Desmond jumps off the roof to land on the pavement in a roll. That’s no easy feat when your spine’s extra long. Interesting. I’ve never seen Desmond so motivated before. Lincoln and I share a puzzled look before leaping off as well. We sprint a few blocks in silence.

“Does any of this seem odd to you?” Lincoln finally asks.

“I was thinking the same thing. This isn’t Desmond’s MO.”

“Precisely.”

For months, Desmond’s been trailing my family in the hopes of stealing random bits of our junk. No real shocker there. Mom’s the President of Purgatory and I’m the Great Scala. As a result, we both have our share of stalkers. Some are cute, even if they do rummage through our trash, looking for keepsakes. Others are creepy.

Like Desmond.

I shake my head. “Normally, Desmond never runs. He just hands over whatever he stole. Which is what should have happened back at the limo.”

“It’s what he did last time, and without any complaint.”

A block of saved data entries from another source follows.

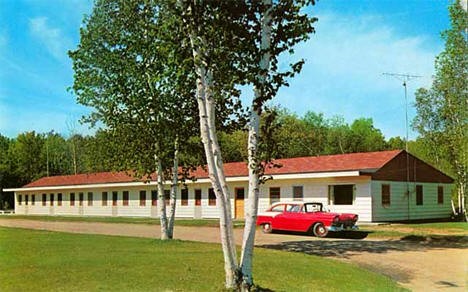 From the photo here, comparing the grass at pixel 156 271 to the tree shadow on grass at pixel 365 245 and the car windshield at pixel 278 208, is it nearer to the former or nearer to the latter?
the tree shadow on grass at pixel 365 245

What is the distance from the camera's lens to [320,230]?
2166 cm

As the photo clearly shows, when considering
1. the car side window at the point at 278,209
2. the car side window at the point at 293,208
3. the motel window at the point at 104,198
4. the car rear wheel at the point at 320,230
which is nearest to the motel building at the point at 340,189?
the motel window at the point at 104,198

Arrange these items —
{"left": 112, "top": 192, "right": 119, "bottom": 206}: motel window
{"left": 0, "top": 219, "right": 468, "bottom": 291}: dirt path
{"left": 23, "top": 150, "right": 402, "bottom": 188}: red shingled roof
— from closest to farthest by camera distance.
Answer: {"left": 0, "top": 219, "right": 468, "bottom": 291}: dirt path < {"left": 23, "top": 150, "right": 402, "bottom": 188}: red shingled roof < {"left": 112, "top": 192, "right": 119, "bottom": 206}: motel window

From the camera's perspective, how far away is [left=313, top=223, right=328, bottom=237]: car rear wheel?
2150 centimetres

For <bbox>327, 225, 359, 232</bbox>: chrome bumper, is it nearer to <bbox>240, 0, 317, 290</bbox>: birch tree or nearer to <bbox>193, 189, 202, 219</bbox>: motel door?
<bbox>240, 0, 317, 290</bbox>: birch tree

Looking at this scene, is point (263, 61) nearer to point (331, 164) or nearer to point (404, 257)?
point (404, 257)

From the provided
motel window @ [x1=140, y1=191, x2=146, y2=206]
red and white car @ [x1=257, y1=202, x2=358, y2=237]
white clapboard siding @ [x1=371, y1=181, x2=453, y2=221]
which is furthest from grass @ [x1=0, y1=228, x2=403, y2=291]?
motel window @ [x1=140, y1=191, x2=146, y2=206]

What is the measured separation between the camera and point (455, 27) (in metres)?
20.6

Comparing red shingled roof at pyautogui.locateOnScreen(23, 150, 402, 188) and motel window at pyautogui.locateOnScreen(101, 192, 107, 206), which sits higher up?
red shingled roof at pyautogui.locateOnScreen(23, 150, 402, 188)

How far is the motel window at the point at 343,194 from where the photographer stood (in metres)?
27.7

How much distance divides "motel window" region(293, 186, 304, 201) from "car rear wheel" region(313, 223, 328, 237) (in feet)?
26.7

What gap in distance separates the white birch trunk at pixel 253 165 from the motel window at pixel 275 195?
861 inches

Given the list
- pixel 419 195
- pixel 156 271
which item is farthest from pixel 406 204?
pixel 156 271

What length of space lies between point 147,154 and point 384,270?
29.3ft
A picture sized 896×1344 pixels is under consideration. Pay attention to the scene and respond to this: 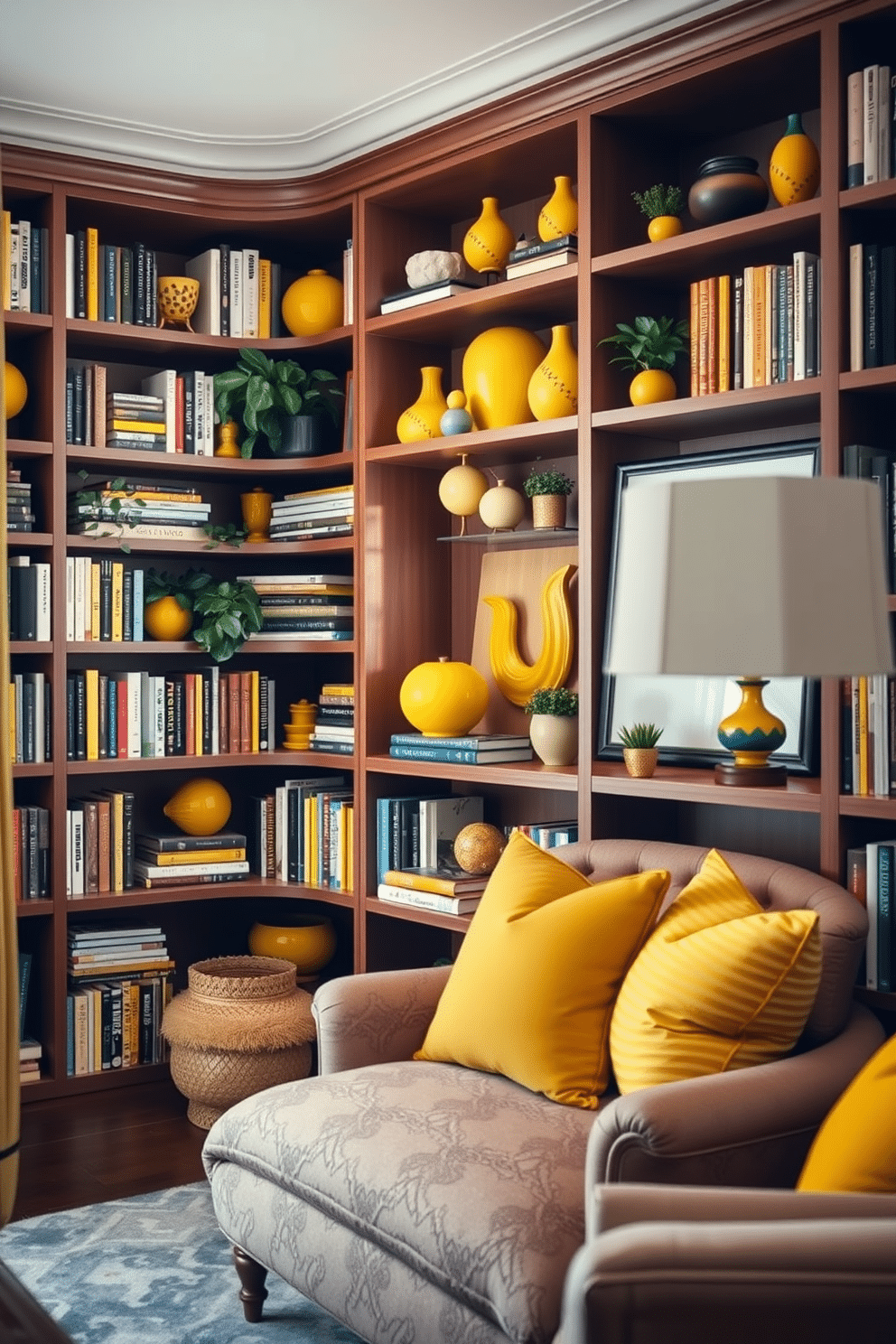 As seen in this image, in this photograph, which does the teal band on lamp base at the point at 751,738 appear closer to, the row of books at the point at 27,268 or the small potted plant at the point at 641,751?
the small potted plant at the point at 641,751

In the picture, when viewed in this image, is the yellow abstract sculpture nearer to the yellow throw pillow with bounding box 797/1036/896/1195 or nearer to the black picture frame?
the black picture frame

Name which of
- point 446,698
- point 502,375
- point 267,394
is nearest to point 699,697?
point 446,698

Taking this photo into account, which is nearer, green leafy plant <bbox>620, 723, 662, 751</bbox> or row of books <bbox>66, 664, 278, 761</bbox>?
green leafy plant <bbox>620, 723, 662, 751</bbox>

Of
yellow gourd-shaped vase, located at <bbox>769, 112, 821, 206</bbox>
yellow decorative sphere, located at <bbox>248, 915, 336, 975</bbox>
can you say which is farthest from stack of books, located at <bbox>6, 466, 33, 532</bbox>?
yellow gourd-shaped vase, located at <bbox>769, 112, 821, 206</bbox>

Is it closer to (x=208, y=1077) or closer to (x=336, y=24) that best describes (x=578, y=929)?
(x=208, y=1077)

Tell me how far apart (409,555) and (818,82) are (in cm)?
168

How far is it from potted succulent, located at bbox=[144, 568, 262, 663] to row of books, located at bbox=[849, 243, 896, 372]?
204cm

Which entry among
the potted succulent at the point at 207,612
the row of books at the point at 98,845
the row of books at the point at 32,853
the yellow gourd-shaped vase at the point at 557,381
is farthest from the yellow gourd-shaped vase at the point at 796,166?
the row of books at the point at 32,853

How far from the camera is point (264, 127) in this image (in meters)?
3.86

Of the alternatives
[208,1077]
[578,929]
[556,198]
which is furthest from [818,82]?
[208,1077]

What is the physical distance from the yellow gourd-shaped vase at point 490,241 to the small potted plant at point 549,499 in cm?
60

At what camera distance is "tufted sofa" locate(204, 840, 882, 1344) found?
2.03 m

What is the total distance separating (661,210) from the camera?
3.23m

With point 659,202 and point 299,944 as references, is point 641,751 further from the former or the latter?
point 299,944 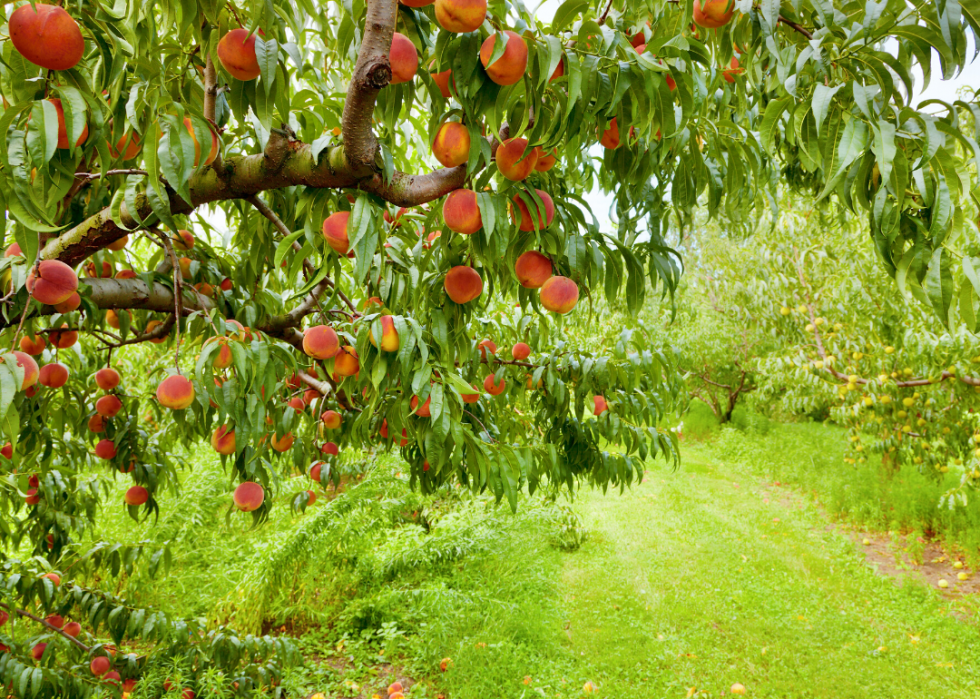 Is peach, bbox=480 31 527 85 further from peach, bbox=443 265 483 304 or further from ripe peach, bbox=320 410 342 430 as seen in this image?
ripe peach, bbox=320 410 342 430

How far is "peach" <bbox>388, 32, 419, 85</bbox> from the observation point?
3.41ft

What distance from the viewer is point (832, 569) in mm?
5148

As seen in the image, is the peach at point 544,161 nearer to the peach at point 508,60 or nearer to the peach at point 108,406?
the peach at point 508,60

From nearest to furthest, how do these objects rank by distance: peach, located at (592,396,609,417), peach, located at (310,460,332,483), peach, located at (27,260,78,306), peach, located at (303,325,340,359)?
1. peach, located at (27,260,78,306)
2. peach, located at (303,325,340,359)
3. peach, located at (592,396,609,417)
4. peach, located at (310,460,332,483)

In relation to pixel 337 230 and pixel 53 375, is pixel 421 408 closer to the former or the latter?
pixel 337 230

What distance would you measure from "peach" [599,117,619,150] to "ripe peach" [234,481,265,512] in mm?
1628

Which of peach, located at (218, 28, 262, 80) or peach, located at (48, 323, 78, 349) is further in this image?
peach, located at (48, 323, 78, 349)

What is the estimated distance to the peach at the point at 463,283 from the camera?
4.39ft

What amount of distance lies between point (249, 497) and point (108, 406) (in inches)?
26.7

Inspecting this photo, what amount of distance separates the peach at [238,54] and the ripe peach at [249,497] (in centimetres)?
146

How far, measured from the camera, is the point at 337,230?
3.90 ft

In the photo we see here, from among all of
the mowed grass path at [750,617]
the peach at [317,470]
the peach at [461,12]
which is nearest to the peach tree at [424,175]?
the peach at [461,12]

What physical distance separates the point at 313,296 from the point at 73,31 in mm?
1256

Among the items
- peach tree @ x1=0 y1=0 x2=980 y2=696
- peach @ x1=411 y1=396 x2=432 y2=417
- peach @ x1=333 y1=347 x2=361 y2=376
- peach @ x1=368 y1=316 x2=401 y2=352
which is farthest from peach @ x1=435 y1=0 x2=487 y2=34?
peach @ x1=333 y1=347 x2=361 y2=376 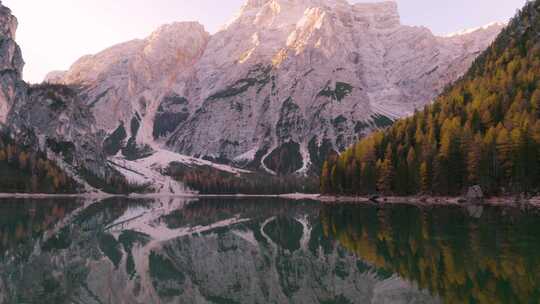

“Yeah, that was at the Toys for Quasi-Demonic Tots thing.”

Last week, Desmond lifted some stuff from Mom’s purse while she was speaking at a fundraiser. Not a great idea. While Mom’s the President of Purgatory, my father’s a badass archangel. All Dad had to do was glare at Desmond, and the klepto handed over what he took. That time, it was Mom’s brush and an old Tic Tac from the bottom of her purse. Like I said, Desmond’s not the brightest star in the demonic sky. Sure, it’s in his nature to steal, but most klepto demons are a little more strategic about it.

Okay, a lot more strategic.

A sinking feeling runs through my belly. Maybe Desmond isn’t too smart, but someone else is. “He could be a pawn here, you know. Who would expect Desmond to get mixed up in something seriously evil?”

Lincoln’s voice gets crazy calm. “Go on.”

“Let’s look at the facts. Desmond is running from us. You know we can’t resist that.”

“True.”

“Next, how does a klepto demon go so fast on those stubby little legs? That vial must have contained a velocity potion. Enchantments like those are pricey. You don’t pay for them with stolen Tic Tacs. And then there’s what he took. To grab the Rixa Codex, Desmond had to know when and where we’d be…And whether we’d have the book.”

“All of which requires some serious scheming.”

“Exactly. The whole thing is totally out of character. Desmond’s a demon who spontaneously grabs junk. He doesn’t plan complex heists.”

Lincoln’s full mouth thins to an angry line. “And now, he’s lifted our codex, the very evidence that we need to put Acca behind bars.” Thrax are all about tradition. Since we’ve challenged the House of Acca to court, thrax rules state that one side must go to jail. If it isn’t Acca, then it’s Lincoln and me.

Prison. What a sucky way to spend your honeymoon.